Across the country, young and old will be marking Canada Day in different ways this year – by celebrating its many successes, drawing attention to its painful shortcomings and, most importantly, reflecting on what it truly means to be Canadian.
In the week leading up to Canada's 150th birthday celebrations, protests at the nation's capital have been reminders that while there is much to celebrate, there is considerable work that still needs to be done.
In an Op-Ed in the Toronto Star, U of T's Charles Pascal, a professor at the Ontario Institute for Studies in Education (OISE), and Suzanne Stewart, an associate professor at the Dalla Lana School of Public Health, argue that there would be more to celebrate if the nation connected its 150th birthday bash with a more promising future and the Truth and Reconciliation Commission’s Calls to Action.

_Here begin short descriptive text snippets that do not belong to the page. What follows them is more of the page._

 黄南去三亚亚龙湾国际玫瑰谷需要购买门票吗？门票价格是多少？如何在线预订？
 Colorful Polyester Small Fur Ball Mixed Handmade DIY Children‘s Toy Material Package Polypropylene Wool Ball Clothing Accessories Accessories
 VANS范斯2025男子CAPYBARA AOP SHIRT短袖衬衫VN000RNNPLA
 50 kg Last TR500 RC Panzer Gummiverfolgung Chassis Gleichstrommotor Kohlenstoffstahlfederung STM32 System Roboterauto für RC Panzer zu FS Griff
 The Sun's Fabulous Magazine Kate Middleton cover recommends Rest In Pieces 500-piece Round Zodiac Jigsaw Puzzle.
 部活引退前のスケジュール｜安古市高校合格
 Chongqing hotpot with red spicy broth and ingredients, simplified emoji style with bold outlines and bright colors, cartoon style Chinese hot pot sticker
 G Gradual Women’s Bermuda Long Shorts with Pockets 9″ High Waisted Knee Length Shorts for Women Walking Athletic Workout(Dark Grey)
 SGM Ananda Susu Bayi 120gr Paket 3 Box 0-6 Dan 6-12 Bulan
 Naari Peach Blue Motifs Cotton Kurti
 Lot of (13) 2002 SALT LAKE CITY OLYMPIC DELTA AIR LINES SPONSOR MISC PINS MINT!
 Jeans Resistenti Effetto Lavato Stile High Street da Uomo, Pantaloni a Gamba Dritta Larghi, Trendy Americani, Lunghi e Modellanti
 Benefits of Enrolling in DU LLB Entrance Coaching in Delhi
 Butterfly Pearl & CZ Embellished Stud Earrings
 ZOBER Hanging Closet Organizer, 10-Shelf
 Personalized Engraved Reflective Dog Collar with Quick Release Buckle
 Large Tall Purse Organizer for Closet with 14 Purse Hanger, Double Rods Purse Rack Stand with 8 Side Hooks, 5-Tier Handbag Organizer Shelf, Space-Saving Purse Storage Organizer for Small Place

Throughout the year, U of T has been exploring these themes for Canada 150 – from artist Kent Monkman's take on Confederation with the Shame and Prejudice: A Story of Resilience exhibit to symposiums and conferences exploring the ethics of celebrating Canada 150, CanLit's relationship with Indigenous communities, the controversial Louis Riel opera, the sesquicentennial's relationship to the TRC and a public event in Ottawa featuring author and U of T alumnus Margaret Atwood and poet and U of T Professor George Elliott Clarke talking about the role of religion. Many of these events, along with research projects and cultural initiatives were supported by U of T's Canada 150 Fund.
For Saturday, there's a wide range of activities planned by the U of T community to mark the day – ranging from a carillon concert to an aerial drone light show.
Here are a few of the things to check out:
For the musically inclined
Listen to the bells at the Carillion Recital at Hart House's Soldier's Tower, which features alumnus Roy Lee. You’ll have the chance to hear the world debut of the youth category winning entry for the House of Commons’ Chime In, Canada! sesquicentennial composition competition.
(Photo by Makeda Marc-Ali)
For the stargazers
If astronomy is more your thing, make your way to U of T Scarborough for the Guided Solar Walk and Observatory that models what the night sky would have looked like at the time of Confederation.
For the visual artists
If you find yourself in Calgary, visit the Glenbow Museum to check out Monkman’s exhibit. The Art Museum at the University of Toronto partnered with Monkman for the large-scale show, which debuted at U of T in January and is now travelling around the country.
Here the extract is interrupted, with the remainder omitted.